(Crawled caption data)

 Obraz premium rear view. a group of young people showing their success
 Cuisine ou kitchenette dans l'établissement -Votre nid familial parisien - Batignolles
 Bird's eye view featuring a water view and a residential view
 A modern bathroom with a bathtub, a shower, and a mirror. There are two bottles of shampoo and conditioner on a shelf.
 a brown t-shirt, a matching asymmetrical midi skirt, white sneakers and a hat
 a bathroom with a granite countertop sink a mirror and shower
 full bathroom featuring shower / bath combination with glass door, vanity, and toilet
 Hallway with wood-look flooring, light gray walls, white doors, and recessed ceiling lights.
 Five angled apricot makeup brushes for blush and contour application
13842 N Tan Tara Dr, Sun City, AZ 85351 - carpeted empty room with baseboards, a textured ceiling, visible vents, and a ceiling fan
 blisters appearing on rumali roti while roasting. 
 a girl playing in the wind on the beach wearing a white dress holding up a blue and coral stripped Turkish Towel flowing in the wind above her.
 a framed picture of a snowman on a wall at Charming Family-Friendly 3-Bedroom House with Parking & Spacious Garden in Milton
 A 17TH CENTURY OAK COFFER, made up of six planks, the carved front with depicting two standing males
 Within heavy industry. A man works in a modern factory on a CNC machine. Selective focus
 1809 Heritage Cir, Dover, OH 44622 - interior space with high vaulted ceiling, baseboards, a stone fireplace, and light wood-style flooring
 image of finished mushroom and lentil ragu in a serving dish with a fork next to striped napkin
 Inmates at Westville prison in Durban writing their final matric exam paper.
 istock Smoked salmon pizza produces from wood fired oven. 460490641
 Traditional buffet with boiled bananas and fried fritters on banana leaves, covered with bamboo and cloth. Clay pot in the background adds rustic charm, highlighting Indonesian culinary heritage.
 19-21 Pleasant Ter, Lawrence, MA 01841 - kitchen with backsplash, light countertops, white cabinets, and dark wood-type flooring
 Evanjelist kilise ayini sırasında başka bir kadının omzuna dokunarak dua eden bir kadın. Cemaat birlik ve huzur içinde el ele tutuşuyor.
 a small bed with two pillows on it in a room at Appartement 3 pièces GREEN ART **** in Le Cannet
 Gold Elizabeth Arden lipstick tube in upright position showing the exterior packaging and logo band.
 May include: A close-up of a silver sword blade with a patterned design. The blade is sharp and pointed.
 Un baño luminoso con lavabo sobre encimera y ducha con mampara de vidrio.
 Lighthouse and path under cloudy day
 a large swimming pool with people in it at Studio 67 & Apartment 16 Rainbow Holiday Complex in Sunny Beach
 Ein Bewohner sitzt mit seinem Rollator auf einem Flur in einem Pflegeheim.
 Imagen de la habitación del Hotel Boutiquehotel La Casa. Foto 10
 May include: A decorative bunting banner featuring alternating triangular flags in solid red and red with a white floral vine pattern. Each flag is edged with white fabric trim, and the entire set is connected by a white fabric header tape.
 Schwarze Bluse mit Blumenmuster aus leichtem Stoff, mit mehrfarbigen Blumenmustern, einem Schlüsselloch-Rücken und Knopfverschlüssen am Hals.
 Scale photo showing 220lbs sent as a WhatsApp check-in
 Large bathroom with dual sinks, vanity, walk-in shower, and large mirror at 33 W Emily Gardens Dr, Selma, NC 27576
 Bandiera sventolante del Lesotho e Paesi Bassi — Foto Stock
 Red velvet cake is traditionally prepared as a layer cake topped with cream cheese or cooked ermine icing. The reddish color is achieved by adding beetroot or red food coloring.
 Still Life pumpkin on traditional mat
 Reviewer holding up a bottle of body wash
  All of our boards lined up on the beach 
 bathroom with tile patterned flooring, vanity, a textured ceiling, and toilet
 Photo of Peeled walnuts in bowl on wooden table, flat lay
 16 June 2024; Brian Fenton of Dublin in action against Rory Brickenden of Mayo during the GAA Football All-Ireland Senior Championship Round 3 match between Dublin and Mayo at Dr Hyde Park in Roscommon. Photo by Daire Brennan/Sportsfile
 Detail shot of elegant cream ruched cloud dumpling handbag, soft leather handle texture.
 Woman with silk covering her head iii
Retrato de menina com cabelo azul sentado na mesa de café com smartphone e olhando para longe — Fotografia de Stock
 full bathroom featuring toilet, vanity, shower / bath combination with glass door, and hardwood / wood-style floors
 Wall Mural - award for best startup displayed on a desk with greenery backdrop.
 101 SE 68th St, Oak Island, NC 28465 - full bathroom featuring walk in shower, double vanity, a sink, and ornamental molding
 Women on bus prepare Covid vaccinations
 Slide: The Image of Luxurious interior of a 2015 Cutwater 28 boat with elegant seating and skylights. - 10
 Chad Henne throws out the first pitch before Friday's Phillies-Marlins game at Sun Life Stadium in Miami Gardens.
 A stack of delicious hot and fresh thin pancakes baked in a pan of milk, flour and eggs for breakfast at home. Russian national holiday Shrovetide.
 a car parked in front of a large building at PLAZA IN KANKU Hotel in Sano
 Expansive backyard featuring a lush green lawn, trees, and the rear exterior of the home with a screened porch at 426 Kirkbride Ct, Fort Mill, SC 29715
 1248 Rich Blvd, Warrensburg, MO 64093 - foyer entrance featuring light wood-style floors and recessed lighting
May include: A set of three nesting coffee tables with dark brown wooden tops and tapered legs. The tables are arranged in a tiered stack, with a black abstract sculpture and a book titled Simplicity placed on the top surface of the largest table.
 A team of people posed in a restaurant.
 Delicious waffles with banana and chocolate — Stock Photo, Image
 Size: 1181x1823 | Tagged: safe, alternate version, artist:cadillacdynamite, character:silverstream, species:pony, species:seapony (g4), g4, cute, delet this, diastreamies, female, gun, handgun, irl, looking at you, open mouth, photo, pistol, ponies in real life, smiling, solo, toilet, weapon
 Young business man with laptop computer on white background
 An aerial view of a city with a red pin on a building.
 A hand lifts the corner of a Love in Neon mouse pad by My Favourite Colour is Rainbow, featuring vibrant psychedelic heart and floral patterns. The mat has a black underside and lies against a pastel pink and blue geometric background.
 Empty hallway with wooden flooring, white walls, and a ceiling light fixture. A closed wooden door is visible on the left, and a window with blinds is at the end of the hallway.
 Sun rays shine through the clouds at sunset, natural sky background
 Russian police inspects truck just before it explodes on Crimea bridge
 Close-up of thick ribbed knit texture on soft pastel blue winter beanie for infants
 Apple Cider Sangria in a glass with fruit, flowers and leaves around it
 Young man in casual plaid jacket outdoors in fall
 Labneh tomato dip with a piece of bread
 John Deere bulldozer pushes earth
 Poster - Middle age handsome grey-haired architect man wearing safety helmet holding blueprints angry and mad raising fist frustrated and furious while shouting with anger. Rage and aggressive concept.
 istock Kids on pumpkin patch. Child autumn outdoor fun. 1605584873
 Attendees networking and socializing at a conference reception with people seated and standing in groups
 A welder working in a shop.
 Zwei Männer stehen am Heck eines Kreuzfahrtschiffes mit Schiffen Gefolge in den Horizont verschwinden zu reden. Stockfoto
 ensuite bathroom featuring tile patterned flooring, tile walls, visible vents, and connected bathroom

_ASSIGNMENT:_
The response should consist of the entries, retyped exactly and in full.

_PROBLEM SOLUTION:_
 Obraz premium rear view. a group of young people showing their success
 Cuisine ou kitchenette dans l'établissement -Votre nid familial parisien - Batignolles
 Bird's eye view featuring a water view and a residential view
 A modern bathroom with a bathtub, a shower, and a mirror. There are two bottles of shampoo and conditioner on a shelf.
 a brown t-shirt, a matching asymmetrical midi skirt, white sneakers and a hat
 a bathroom with a granite countertop sink a mirror and shower
 full bathroom featuring shower / bath combination with glass door, vanity, and toilet
 Hallway with wood-look flooring, light gray walls, white doors, and recessed ceiling lights.
 Five angled apricot makeup brushes for blush and contour application
13842 N Tan Tara Dr, Sun City, AZ 85351 - carpeted empty room with baseboards, a textured ceiling, visible vents, and a ceiling fan
 blisters appearing on rumali roti while roasting. 
 a girl playing in the wind on the beach wearing a white dress holding up a blue and coral stripped Turkish Towel flowing in the wind above her.
 a framed picture of a snowman on a wall at Charming Family-Friendly 3-Bedroom House with Parking & Spacious Garden in Milton
 A 17TH CENTURY OAK COFFER, made up of six planks, the carved front with depicting two standing males
 Within heavy industry. A man works in a modern factory on a CNC machine. Selective focus
 1809 Heritage Cir, Dover, OH 44622 - interior space with high vaulted ceiling, baseboards, a stone fireplace, and light wood-style flooring
 image of finished mushroom and lentil ragu in a serving dish with a fork next to striped napkin
 Inmates at Westville prison in Durban writing their final matric exam paper.
 istock Smoked salmon pizza produces from wood fired oven. 460490641
 Traditional buffet with boiled bananas and fried fritters on banana leaves, covered with bamboo and cloth. Clay pot in the background adds rustic charm, highlighting Indonesian culinary heritage.
 19-21 Pleasant Ter, Lawrence, MA 01841 - kitchen with backsplash, light countertops, white cabinets, and dark wood-type flooring
 Evanjelist kilise ayini sırasında başka bir kadının omzuna dokunarak dua eden bir kadın. Cemaat birlik ve huzur içinde el ele tutuşuyor.
 a small bed with two pillows on it in a room at Appartement 3 pièces GREEN ART **** in Le Cannet
 Gold Elizabeth Arden lipstick tube in upright position showing the exterior packaging and logo band.
 May include: A close-up of a silver sword blade with a patterned design. The blade is sharp and pointed.
 Un baño luminoso con lavabo sobre encimera y ducha con mampara de vidrio.
 Lighthouse and path under cloudy day
 a large swimming pool with people in it at Studio 67 & Apartment 16 Rainbow Holiday Complex in Sunny Beach
 Ein Bewohner sitzt mit seinem Rollator auf einem Flur in einem Pflegeheim.
 Imagen de la habitación del Hotel Boutiquehotel La Casa. Foto 10
 May include: A decorative bunting banner featuring alternating triangular flags in solid red and red with a white floral vine pattern. Each flag is edged with white fabric trim, and the entire set is connected by a white fabric header tape.
 Schwarze Bluse mit Blumenmuster aus leichtem Stoff, mit mehrfarbigen Blumenmustern, einem Schlüsselloch-Rücken und Knopfverschlüssen am Hals.
 Scale photo showing 220lbs sent as a WhatsApp check-in
 Large bathroom with dual sinks, vanity, walk-in shower, and large mirror at 33 W Emily Gardens Dr, Selma, NC 27576
 Bandiera sventolante del Lesotho e Paesi Bassi — Foto Stock
 Red velvet cake is traditionally prepared as a layer cake topped with cream cheese or cooked ermine icing. The reddish color is achieved by adding beetroot or red food coloring.
 Still Life pumpkin on traditional mat
 Reviewer holding up a bottle of body wash
  All of our boards lined up on the beach 
 bathroom with tile patterned flooring, vanity, a textured ceiling, and toilet
 Photo of Peeled walnuts in bowl on wooden table, flat lay
 16 June 2024; Brian Fenton of Dublin in action against Rory Brickenden of Mayo during the GAA Football All-Ireland Senior Championship Round 3 match between Dublin and Mayo at Dr Hyde Park in Roscommon. Photo by Daire Brennan/Sportsfile
 Detail shot of elegant cream ruched cloud dumpling handbag, soft leather handle texture.
 Woman with silk covering her head iii
Retrato de menina com cabelo azul sentado na mesa de café com smartphone e olhando para longe — Fotografia de Stock
 full bathroom featuring toilet, vanity, shower / bath combination with glass door, and hardwood / wood-style floors
 Wall Mural - award for best startup displayed on a desk with greenery backdrop.
 101 SE 68th St, Oak Island, NC 28465 - full bathroom featuring walk in shower, double vanity, a sink, and ornamental molding
 Women on bus prepare Covid vaccinations
 Slide: The Image of Luxurious interior of a 2015 Cutwater 28 boat with elegant seating and skylights. - 10
 Chad Henne throws out the first pitch before Friday's Phillies-Marlins game at Sun Life Stadium in Miami Gardens.
 A stack of delicious hot and fresh thin pancakes baked in a pan of milk, flour and eggs for breakfast at home. Russian national holiday Shrovetide.
 a car parked in front of a large building at PLAZA IN KANKU Hotel in Sano
 Expansive backyard featuring a lush green lawn, trees, and the rear exterior of the home with a screened porch at 426 Kirkbride Ct, Fort Mill, SC 29715
 1248 Rich Blvd, Warrensburg, MO 64093 - foyer entrance featuring light wood-style floors and recessed lighting
May include: A set of three nesting coffee tables with dark brown wooden tops and tapered legs. The tables are arranged in a tiered stack, with a black abstract sculpture and a book titled Simplicity placed on the top surface of the largest table.
 A team of people posed in a restaurant.
 Delicious waffles with banana and chocolate — Stock Photo, Image
 Size: 1181x1823 | Tagged: safe, alternate version, artist:cadillacdynamite, character:silverstream, species:pony, species:seapony (g4), g4, cute, delet this, diastreamies, female, gun, handgun, irl, looking at you, open mouth, photo, pistol, ponies in real life, smiling, solo, toilet, weapon
 Young business man with laptop computer on white background
 An aerial view of a city with a red pin on a building.
 A hand lifts the corner of a Love in Neon mouse pad by My Favourite Colour is Rainbow, featuring vibrant psychedelic heart and floral patterns. The mat has a black underside and lies against a pastel pink and blue geometric background.
 Empty hallway with wooden flooring, white walls, and a ceiling light fixture. A closed wooden door is visible on the left, and a window with blinds is at the end of the hallway.
 Sun rays shine through the clouds at sunset, natural sky background
 Russian police inspects truck just before it explodes on Crimea bridge
 Close-up of thick ribbed knit texture on soft pastel blue winter beanie for infants
 Apple Cider Sangria in a glass with fruit, flowers and leaves around it
 Young man in casual plaid jacket outdoors in fall
 Labneh tomato dip with a piece of bread
 John Deere bulldozer pushes earth
 Poster - Middle age handsome grey-haired architect man wearing safety helmet holding blueprints angry and mad raising fist frustrated and furious while shouting with anger. Rage and aggressive concept.
 istock Kids on pumpkin patch. Child autumn outdoor fun. 1605584873
 Attendees networking and socializing at a conference reception with people seated and standing in groups
 A welder working in a shop.
 Zwei Männer stehen am Heck eines Kreuzfahrtschiffes mit Schiffen Gefolge in den Horizont verschwinden zu reden. Stockfoto
 ensuite bathroom featuring tile patterned flooring, tile walls, visible vents, and connected bathroom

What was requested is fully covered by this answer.